| Task item |
A word-for-word copy of the records that follow is needed, with every picture omitted.

| Extracted entries |

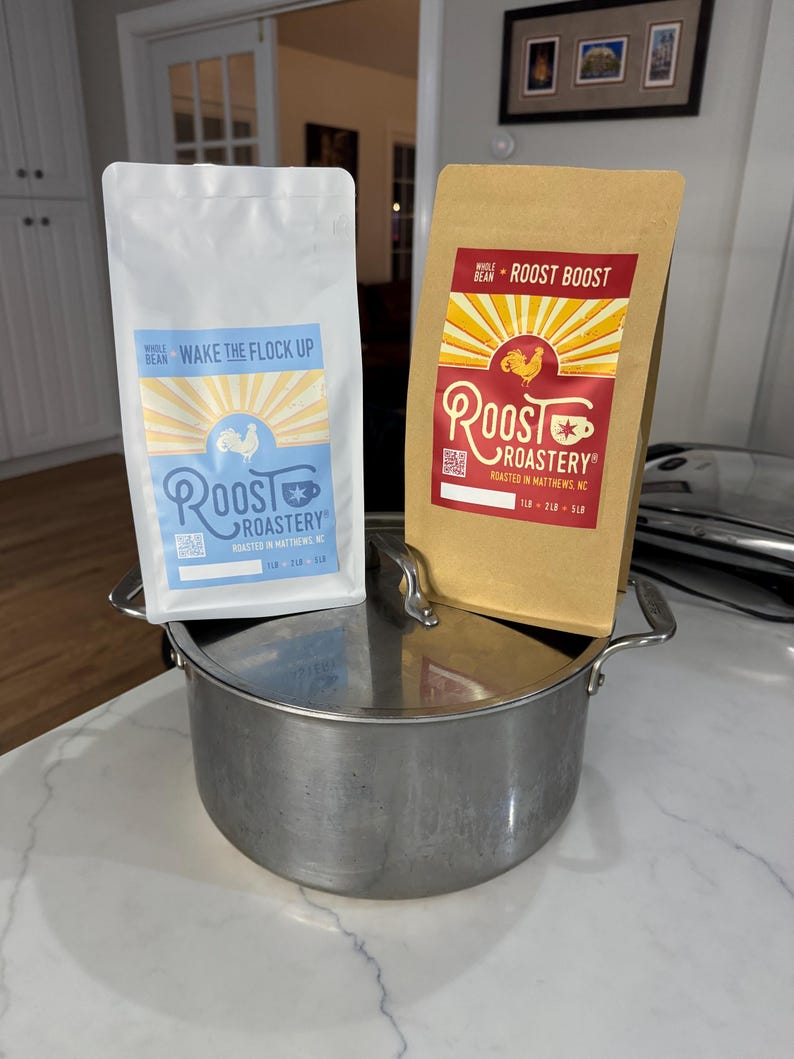 May include: Two bags of whole bean coffee from Roost Roastery. One bag is white with the text "Wake the Flock Up" and the other is brown with the text "Roost Boost". Both bags have a rooster logo and are sitting on a stainless steel pot.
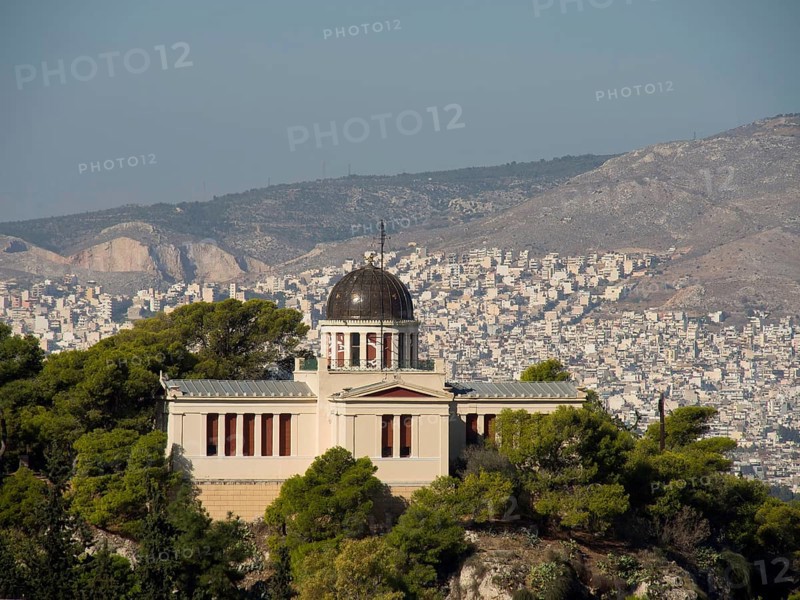 Historic building with a dome on a hill surrounded by trees and a cityscape, Ancient building with columns and trees on the Acropolis in Athens against a blue sky, athens, greece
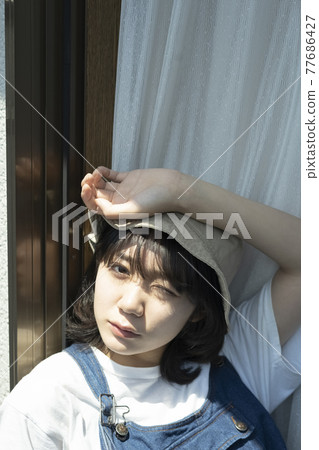 A woman relaxing at the window 77686427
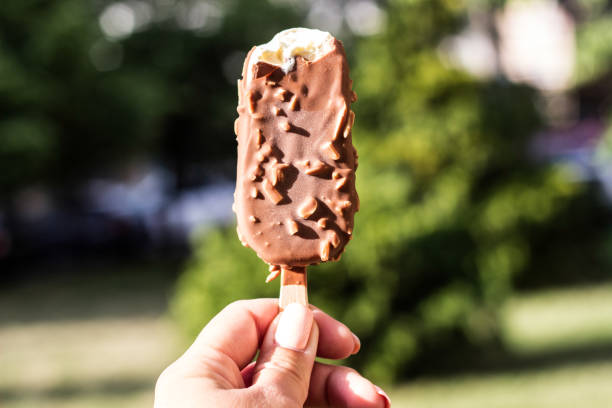 istock Woman holding chocolate ice cream 1419413662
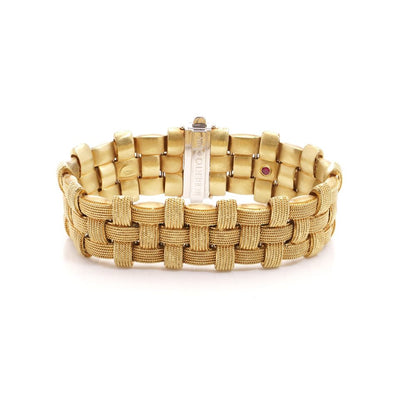 Woven design bracelet in white and yellow gold with diamonds and ruby,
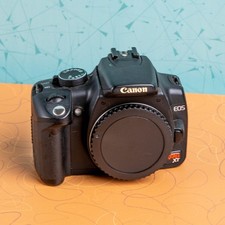 Canon EOS Rebel XT DSLR Camera Body with 3 Batteries, Charger, and 16 GB card
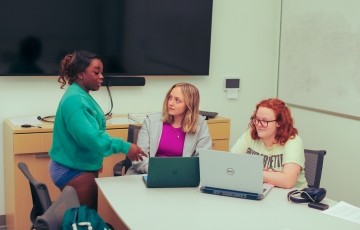 three students studying together in a room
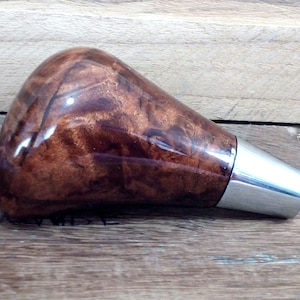 May include: A brown wood and chrome gear shift knob with a swirl pattern.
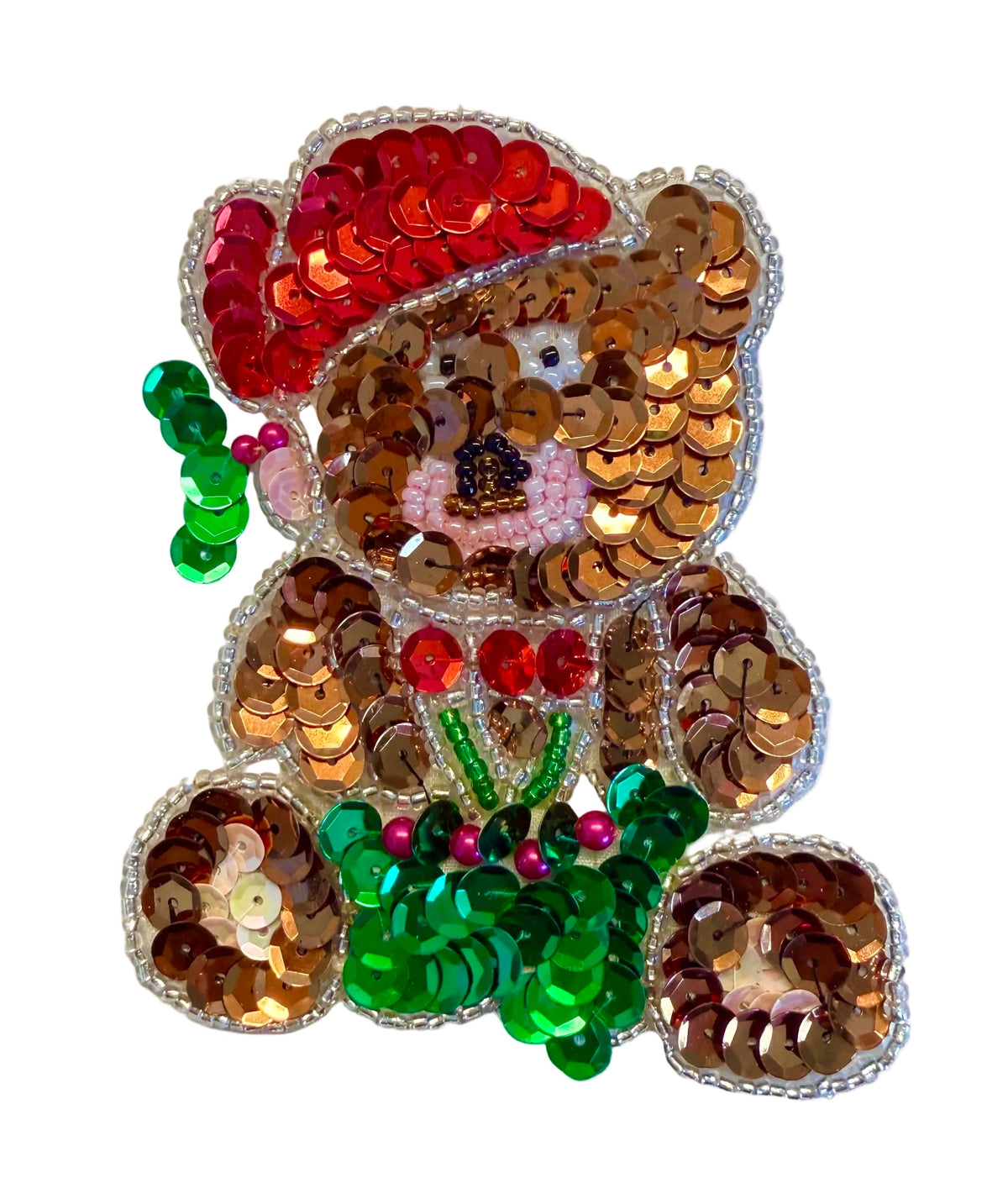 A festive teddy bear sequin decoration featuring a brown sequined bear wearing a red sequin Santa hat and holding green and red sequin holly, set against a plain white background.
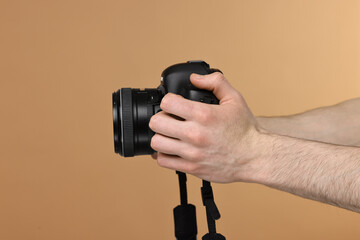 Photographer holding camera on beige background, closeup. Space for text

| Exercise solution |
 May include: Two bags of whole bean coffee from Roost Roastery. One bag is white with the text "Wake the Flock Up" and the other is brown with the text "Roost Boost". Both bags have a rooster logo and are sitting on a stainless steel pot.
 Historic building with a dome on a hill surrounded by trees and a cityscape, Ancient building with columns and trees on the Acropolis in Athens against a blue sky, athens, greece
 A woman relaxing at the window 77686427
 istock Woman holding chocolate ice cream 1419413662
 Woven design bracelet in white and yellow gold with diamonds and ruby,
 Canon EOS Rebel XT DSLR Camera Body with 3 Batteries, Charger, and 16 GB card
 three students studying together in a room
 May include: A brown wood and chrome gear shift knob with a swirl pattern.
 A festive teddy bear sequin decoration featuring a brown sequined bear wearing a red sequin Santa hat and holding green and red sequin holly, set against a plain white background.
 Photographer holding camera on beige background, closeup. Space for text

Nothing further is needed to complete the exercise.